The Clash were one of those rare bands that were greater than the sum of their parts, and yet the parts were awesome. Mick was the brilliant arranger and tunesmith, always looking forward musically. Let’s hear it for Mick. Right on. Always looking forward musically and pushing the boundaries of what was possible for a punk band, of what was possible for any band. Paul was just so damn cool looking. And as you’ll see, he’s still so damn cool-looking tonight. He’s running it like a pimp. And the image of him smashing the bass on the cover of London Calling, sums up the fury and beautiful force of the band. He also wove in the reggae influence that completed that Clash chemistry — of three chords, a funky groove and the truth.
Terry Chimes provided the cavalry charge beats that propelled some of their early anthems, but it was Topper that made it all possible with his drumming. He effortlessly, and with great originality and skill, steered the band through genres undreamt of by their peers.
But really, they had no peers. Because at the center of the Clash hurricane stood one of the greatest hearts and deepest souls of 20th century music. At the center of the Clash stood Joe Strummer.
Joe Strummer died on December 22nd, 2002. But when Joe Strummer played, he played as if the world could be changed by a three minute song. And he was right. Those songs changed a lot of people’s worlds forever, mine at the top of the list. He was a brilliant lyricist with anger and wit always stood up for the underdog. And his idealism and conviction instilled in me the courage to pick up a guitar and the courage to try to make a difference with it.
In the great Clash anthem White Riot, Joe sang, “are you taking over? / or are you taking orders? / are you going backwards? / or are you going forwards?” And when I heard that, I wrote those four lines down, I put them on my refrigerator, and I answer those four questions for myself every single day. And to this day, I still do.

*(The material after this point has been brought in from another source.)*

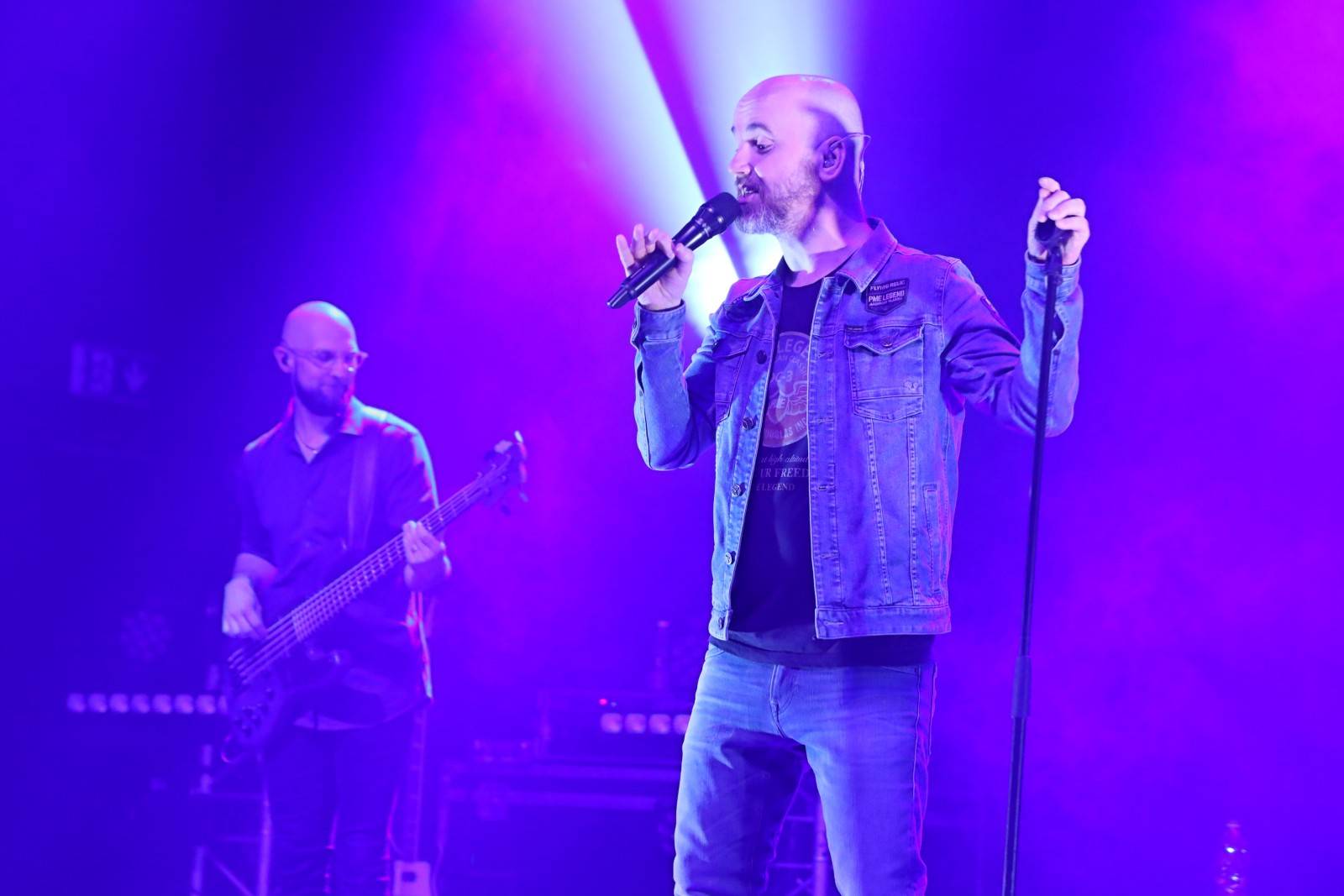 No Name rozezpívali Brno svými největšími hity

Joe Strummer was my greatest inspiration and my favorite singer of all-time and my hero. I miss him so much and I was looking forward to him standing on this stage and rocking with his friends tonight. And I know that he was too. I’m grateful though to have the tremendous legacy of music that the Clash left behind, cause through it, Joe Strummer and the Clash will continue to inspire and agitate well into the future. In fact, the Clash aren’t really gone at all. Because whenever a band cares more about its fans than its bank account, the spirit of the Clash is there. Whenever a band plays as if every single person’s soul in the room is at stake, the spirit of the Clash is there. And whenever a stadium band or little garage band has the guts to put their beliefs on the line to make a difference, the spirit of the Clash is there. And whenever people take to the streets to stop an unjust war, the spirit of the Clash is definitely there.
Tonight, we will honor the Clash, and Joe Strummer, with toasts and applause, but the best way to honor them is by putting the Clash’s philosophy into practice. By waking up each morning knowing that the future is unwritten, and that it can be a future where human rights, peace and justice come first. But it is entirely up to us. To me, that’s what the Clash was all about.
They combined revolutionary sounds with revolutionary ideas. Their music launched thousands of bands and moved millions of fans. And I cannot imagine what my life would have been without them.
During their heyday, they were known as the only band that matters. And 25 years later, that still seems just about right to me.”